> **WHAT IS BEING ASKED**: Transcribe every entry word for word.

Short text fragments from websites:
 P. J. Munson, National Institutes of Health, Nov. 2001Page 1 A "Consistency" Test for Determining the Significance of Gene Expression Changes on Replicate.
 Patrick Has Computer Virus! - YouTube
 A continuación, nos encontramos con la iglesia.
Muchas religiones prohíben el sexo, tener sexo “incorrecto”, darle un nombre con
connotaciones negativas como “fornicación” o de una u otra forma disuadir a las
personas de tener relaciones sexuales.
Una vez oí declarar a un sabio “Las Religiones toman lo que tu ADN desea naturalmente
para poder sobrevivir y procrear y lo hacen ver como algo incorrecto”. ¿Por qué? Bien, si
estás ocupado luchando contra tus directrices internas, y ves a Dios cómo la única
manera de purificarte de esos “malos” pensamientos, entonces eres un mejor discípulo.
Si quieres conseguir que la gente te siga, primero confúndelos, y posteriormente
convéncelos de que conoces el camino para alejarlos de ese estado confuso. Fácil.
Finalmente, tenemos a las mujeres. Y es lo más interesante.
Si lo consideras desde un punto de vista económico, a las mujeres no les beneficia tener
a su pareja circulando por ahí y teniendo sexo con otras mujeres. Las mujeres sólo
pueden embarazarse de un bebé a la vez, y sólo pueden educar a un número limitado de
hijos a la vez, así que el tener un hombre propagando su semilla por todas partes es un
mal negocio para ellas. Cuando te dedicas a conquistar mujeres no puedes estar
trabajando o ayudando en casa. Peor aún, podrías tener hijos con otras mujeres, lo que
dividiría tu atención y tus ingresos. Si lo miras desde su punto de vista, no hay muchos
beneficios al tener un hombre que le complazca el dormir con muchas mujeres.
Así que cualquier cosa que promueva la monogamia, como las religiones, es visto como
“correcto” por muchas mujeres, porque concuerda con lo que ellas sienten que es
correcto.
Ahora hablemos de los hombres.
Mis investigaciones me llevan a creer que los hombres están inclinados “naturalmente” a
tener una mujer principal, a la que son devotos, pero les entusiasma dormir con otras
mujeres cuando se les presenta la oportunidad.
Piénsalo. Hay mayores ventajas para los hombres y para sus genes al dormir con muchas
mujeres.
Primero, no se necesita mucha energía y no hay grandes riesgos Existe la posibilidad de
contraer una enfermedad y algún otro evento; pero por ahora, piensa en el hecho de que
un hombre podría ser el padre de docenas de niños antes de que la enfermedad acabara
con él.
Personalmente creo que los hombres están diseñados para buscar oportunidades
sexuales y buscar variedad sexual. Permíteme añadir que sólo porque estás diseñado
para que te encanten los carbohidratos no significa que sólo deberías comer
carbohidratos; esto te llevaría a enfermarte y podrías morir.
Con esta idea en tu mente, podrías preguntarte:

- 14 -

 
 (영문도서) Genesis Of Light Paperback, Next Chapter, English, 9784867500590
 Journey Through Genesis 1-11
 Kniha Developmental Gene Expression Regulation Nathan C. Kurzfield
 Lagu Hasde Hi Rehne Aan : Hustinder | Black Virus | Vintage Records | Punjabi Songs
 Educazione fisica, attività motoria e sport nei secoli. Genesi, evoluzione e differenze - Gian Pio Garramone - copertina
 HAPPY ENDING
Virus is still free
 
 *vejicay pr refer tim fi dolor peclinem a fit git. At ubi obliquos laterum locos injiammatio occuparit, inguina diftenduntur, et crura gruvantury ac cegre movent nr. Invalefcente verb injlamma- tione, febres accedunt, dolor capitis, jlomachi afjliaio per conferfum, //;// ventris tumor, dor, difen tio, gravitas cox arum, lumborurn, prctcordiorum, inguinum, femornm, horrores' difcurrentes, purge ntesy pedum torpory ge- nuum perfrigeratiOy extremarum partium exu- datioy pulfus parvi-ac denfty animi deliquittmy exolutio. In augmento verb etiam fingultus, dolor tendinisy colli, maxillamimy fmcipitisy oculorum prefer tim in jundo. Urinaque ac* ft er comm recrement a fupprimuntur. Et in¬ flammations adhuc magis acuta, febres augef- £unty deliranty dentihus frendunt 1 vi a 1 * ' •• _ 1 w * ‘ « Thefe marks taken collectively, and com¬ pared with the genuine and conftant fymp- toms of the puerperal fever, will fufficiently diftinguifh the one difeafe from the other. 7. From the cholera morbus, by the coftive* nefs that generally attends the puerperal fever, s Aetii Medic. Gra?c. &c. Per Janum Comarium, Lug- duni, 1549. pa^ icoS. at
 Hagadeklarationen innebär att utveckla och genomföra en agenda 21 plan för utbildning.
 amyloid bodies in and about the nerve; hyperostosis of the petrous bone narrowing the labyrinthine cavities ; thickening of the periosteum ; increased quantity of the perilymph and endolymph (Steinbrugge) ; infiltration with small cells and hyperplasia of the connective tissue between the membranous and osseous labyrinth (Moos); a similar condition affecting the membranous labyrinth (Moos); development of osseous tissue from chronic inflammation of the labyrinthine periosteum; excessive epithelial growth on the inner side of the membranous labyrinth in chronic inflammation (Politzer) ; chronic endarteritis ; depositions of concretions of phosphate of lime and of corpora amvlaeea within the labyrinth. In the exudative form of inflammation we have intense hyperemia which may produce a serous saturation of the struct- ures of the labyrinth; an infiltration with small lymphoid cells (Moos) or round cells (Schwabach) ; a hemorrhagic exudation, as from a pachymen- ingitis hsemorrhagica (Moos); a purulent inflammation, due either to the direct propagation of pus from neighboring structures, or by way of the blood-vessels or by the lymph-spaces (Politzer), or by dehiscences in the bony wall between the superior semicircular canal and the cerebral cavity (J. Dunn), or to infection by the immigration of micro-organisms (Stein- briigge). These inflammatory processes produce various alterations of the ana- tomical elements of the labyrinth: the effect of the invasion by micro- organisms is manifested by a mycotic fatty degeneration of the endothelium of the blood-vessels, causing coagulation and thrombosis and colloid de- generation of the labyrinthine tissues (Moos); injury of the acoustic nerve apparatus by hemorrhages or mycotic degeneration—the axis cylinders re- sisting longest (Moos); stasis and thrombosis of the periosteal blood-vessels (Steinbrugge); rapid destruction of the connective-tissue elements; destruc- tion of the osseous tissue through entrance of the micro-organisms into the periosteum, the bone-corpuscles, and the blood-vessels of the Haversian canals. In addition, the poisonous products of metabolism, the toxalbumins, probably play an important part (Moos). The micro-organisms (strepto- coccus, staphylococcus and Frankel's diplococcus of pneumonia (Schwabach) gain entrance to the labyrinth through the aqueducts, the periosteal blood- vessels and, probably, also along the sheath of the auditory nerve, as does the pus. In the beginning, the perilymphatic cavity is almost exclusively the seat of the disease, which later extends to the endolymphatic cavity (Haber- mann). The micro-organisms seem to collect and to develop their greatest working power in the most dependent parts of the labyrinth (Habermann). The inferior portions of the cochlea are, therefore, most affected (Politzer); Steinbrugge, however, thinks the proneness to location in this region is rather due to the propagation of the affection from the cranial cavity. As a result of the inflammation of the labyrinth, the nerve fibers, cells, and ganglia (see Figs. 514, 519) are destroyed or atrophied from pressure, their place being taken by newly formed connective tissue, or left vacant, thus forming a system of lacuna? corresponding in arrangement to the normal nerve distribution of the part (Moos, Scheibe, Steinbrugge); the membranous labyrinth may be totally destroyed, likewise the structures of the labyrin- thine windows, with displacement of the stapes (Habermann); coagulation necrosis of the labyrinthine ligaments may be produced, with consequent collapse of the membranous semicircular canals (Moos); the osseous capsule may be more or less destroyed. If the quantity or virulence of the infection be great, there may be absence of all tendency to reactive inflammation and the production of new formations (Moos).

> **RESULT**:
 P. J. Munson, National Institutes of Health, Nov. 2001Page 1 A "Consistency" Test for Determining the Significance of Gene Expression Changes on Replicate.
 Patrick Has Computer Virus! - YouTube
 A continuación, nos encontramos con la iglesia.
Muchas religiones prohíben el sexo, tener sexo “incorrecto”, darle un nombre con
connotaciones negativas como “fornicación” o de una u otra forma disuadir a las
personas de tener relaciones sexuales.
Una vez oí declarar a un sabio “Las Religiones toman lo que tu ADN desea naturalmente
para poder sobrevivir y procrear y lo hacen ver como algo incorrecto”. ¿Por qué? Bien, si
estás ocupado luchando contra tus directrices internas, y ves a Dios cómo la única
manera de purificarte de esos “malos” pensamientos, entonces eres un mejor discípulo.
Si quieres conseguir que la gente te siga, primero confúndelos, y posteriormente
convéncelos de que conoces el camino para alejarlos de ese estado confuso. Fácil.
Finalmente, tenemos a las mujeres. Y es lo más interesante.
Si lo consideras desde un punto de vista económico, a las mujeres no les beneficia tener
a su pareja circulando por ahí y teniendo sexo con otras mujeres. Las mujeres sólo
pueden embarazarse de un bebé a la vez, y sólo pueden educar a un número limitado de
hijos a la vez, así que el tener un hombre propagando su semilla por todas partes es un
mal negocio para ellas. Cuando te dedicas a conquistar mujeres no puedes estar
trabajando o ayudando en casa. Peor aún, podrías tener hijos con otras mujeres, lo que
dividiría tu atención y tus ingresos. Si lo miras desde su punto de vista, no hay muchos
beneficios al tener un hombre que le complazca el dormir con muchas mujeres.
Así que cualquier cosa que promueva la monogamia, como las religiones, es visto como
“correcto” por muchas mujeres, porque concuerda con lo que ellas sienten que es
correcto.
Ahora hablemos de los hombres.
Mis investigaciones me llevan a creer que los hombres están inclinados “naturalmente” a
tener una mujer principal, a la que son devotos, pero les entusiasma dormir con otras
mujeres cuando se les presenta la oportunidad.
Piénsalo. Hay mayores ventajas para los hombres y para sus genes al dormir con muchas
mujeres.
Primero, no se necesita mucha energía y no hay grandes riesgos Existe la posibilidad de
contraer una enfermedad y algún otro evento; pero por ahora, piensa en el hecho de que
un hombre podría ser el padre de docenas de niños antes de que la enfermedad acabara
con él.
Personalmente creo que los hombres están diseñados para buscar oportunidades
sexuales y buscar variedad sexual. Permíteme añadir que sólo porque estás diseñado
para que te encanten los carbohidratos no significa que sólo deberías comer
carbohidratos; esto te llevaría a enfermarte y podrías morir.
Con esta idea en tu mente, podrías preguntarte:

- 14 -

 
 (영문도서) Genesis Of Light Paperback, Next Chapter, English, 9784867500590
 Journey Through Genesis 1-11
 Kniha Developmental Gene Expression Regulation Nathan C. Kurzfield
 Lagu Hasde Hi Rehne Aan : Hustinder | Black Virus | Vintage Records | Punjabi Songs
 Educazione fisica, attività motoria e sport nei secoli. Genesi, evoluzione e differenze - Gian Pio Garramone - copertina
 HAPPY ENDING
Virus is still free
 
 *vejicay pr refer tim fi dolor peclinem a fit git. At ubi obliquos laterum locos injiammatio occuparit, inguina diftenduntur, et crura gruvantury ac cegre movent nr. Invalefcente verb injlamma- tione, febres accedunt, dolor capitis, jlomachi afjliaio per conferfum, //;// ventris tumor, dor, difen tio, gravitas cox arum, lumborurn, prctcordiorum, inguinum, femornm, horrores' difcurrentes, purge ntesy pedum torpory ge- nuum perfrigeratiOy extremarum partium exu- datioy pulfus parvi-ac denfty animi deliquittmy exolutio. In augmento verb etiam fingultus, dolor tendinisy colli, maxillamimy fmcipitisy oculorum prefer tim in jundo. Urinaque ac* ft er comm recrement a fupprimuntur. Et in¬ flammations adhuc magis acuta, febres augef- £unty deliranty dentihus frendunt 1 vi a 1 * ' •• _ 1 w * ‘ « Thefe marks taken collectively, and com¬ pared with the genuine and conftant fymp- toms of the puerperal fever, will fufficiently diftinguifh the one difeafe from the other. 7. From the cholera morbus, by the coftive* nefs that generally attends the puerperal fever, s Aetii Medic. Gra?c. &c. Per Janum Comarium, Lug- duni, 1549. pa^ icoS. at
 Hagadeklarationen innebär att utveckla och genomföra en agenda 21 plan för utbildning.
 amyloid bodies in and about the nerve; hyperostosis of the petrous bone narrowing the labyrinthine cavities ; thickening of the periosteum ; increased quantity of the perilymph and endolymph (Steinbrugge) ; infiltration with small cells and hyperplasia of the connective tissue between the membranous and osseous labyrinth (Moos); a similar condition affecting the membranous labyrinth (Moos); development of osseous tissue from chronic inflammation of the labyrinthine periosteum; excessive epithelial growth on the inner side of the membranous labyrinth in chronic inflammation (Politzer) ; chronic endarteritis ; depositions of concretions of phosphate of lime and of corpora amvlaeea within the labyrinth. In the exudative form of inflammation we have intense hyperemia which may produce a serous saturation of the struct- ures of the labyrinth; an infiltration with small lymphoid cells (Moos) or round cells (Schwabach) ; a hemorrhagic exudation, as from a pachymen- ingitis hsemorrhagica (Moos); a purulent inflammation, due either to the direct propagation of pus from neighboring structures, or by way of the blood-vessels or by the lymph-spaces (Politzer), or by dehiscences in the bony wall between the superior semicircular canal and the cerebral cavity (J. Dunn), or to infection by the immigration of micro-organisms (Stein- briigge). These inflammatory processes produce various alterations of the ana- tomical elements of the labyrinth: the effect of the invasion by micro- organisms is manifested by a mycotic fatty degeneration of the endothelium of the blood-vessels, causing coagulation and thrombosis and colloid de- generation of the labyrinthine tissues (Moos); injury of the acoustic nerve apparatus by hemorrhages or mycotic degeneration—the axis cylinders re- sisting longest (Moos); stasis and thrombosis of the periosteal blood-vessels (Steinbrugge); rapid destruction of the connective-tissue elements; destruc- tion of the osseous tissue through entrance of the micro-organisms into the periosteum, the bone-corpuscles, and the blood-vessels of the Haversian canals. In addition, the poisonous products of metabolism, the toxalbumins, probably play an important part (Moos). The micro-organisms (strepto- coccus, staphylococcus and Frankel's diplococcus of pneumonia (Schwabach) gain entrance to the labyrinth through the aqueducts, the periosteal blood- vessels and, probably, also along the sheath of the auditory nerve, as does the pus. In the beginning, the perilymphatic cavity is almost exclusively the seat of the disease, which later extends to the endolymphatic cavity (Haber- mann). The micro-organisms seem to collect and to develop their greatest working power in the most dependent parts of the labyrinth (Habermann). The inferior portions of the cochlea are, therefore, most affected (Politzer); Steinbrugge, however, thinks the proneness to location in this region is rather due to the propagation of the affection from the cranial cavity. As a result of the inflammation of the labyrinth, the nerve fibers, cells, and ganglia (see Figs. 514, 519) are destroyed or atrophied from pressure, their place being taken by newly formed connective tissue, or left vacant, thus forming a system of lacuna? corresponding in arrangement to the normal nerve distribution of the part (Moos, Scheibe, Steinbrugge); the membranous labyrinth may be totally destroyed, likewise the structures of the labyrin- thine windows, with displacement of the stapes (Habermann); coagulation necrosis of the labyrinthine ligaments may be produced, with consequent collapse of the membranous semicircular canals (Moos); the osseous capsule may be more or less destroyed. If the quantity or virulence of the infection be great, there may be absence of all tendency to reactive inflammation and the production of new formations (Moos).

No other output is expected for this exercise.